Pharmacists, other members of the health care team, managed health care systems and pharmacy benefit managers have a legal, social and ethical responsibility to ensure that:
- PHI is used only when it is essential to assure safe, accurate and efficient delivery and coordination of health care services;
- PHI is recorded, maintained and transmitted in such a way that the potential for inadvertent disclosure and incidental misuses is minimized;
- Policies and procedures have been developed to separate the identity of the patients from their medical information when patient identifiable information is not necessary for the administration of a health benefit;
- Patients, upon request, are provided with an explanation of what PHI is maintained, how it is kept, how it is used and who has access to it for clinical, reimbursement or quality oversight purposes;
- Patients are informed of their rights and responsibilities regarding the confidentiality of their health care information.
The issue of how to protect against inappropriate use of patient-identifiable health care information, while permitting the coordination, delivery and measurement of quality health care, will continue to be an important public policy issue facing managed health care systems.

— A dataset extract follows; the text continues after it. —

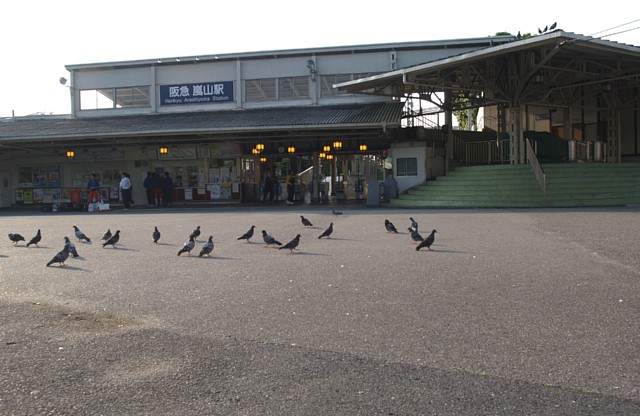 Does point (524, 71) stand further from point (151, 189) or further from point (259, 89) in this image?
point (151, 189)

Our health care system relies upon patient trust as an essential element in the delivery of quality health care. Trust between patients and their health care providers helps ensure that patients will participate in their own care. The use of patient-identifiable and non-identifiable information by managed health care systems, health care researchers, pharmacists and other health care professionals will continue to improve the provision of quality of health care in America. Appropriate safeguarding of PHI is essential to ensuring patient comfort in communicating honestly and openly with their pharmacist and other health care professionals. Without open communication between and among patients and their providers, treatment decisions based on incomplete or inaccurate information adversely affects the quality of care. The recognition that the safeguarding of PHI is an essential tenet of managed health care systems will engender trust within the public we serve.
1 Joint Commission on Accreditation of Health care Organizations and National Committee for Quality Assurance, Health Care at the Crossroads: Development of a National Performance Measurement Data Strategy, 2008.
2 Pritts, Joy. The Importance and Value of Protecting the Privacy of Health Information. Commissioned by the Institute of Medicine Committee on the HIPAA Privacy Rule and Research, 2008.